*** TASK MATERIAL ***

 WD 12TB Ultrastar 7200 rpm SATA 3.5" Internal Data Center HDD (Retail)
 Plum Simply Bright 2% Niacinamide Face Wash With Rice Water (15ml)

*** End of TASK MATERIAL ***
*** TASK MATERIAL ***

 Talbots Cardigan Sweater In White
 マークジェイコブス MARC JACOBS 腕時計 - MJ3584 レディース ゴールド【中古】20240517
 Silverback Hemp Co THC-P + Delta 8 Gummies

*** End of TASK MATERIAL ***

#### [PROMPT]
Print exactly the lines of the listing above starting at the line containing "WD 12TB Ultrastar" and ending at the line containing "Plum Simply Bright", both included.

#### [ANSWER BOX]
 WD 12TB Ultrastar 7200 rpm SATA 3.5" Internal Data Center HDD (Retail)
 Plum Simply Bright 2% Niacinamide Face Wash With Rice Water (15ml)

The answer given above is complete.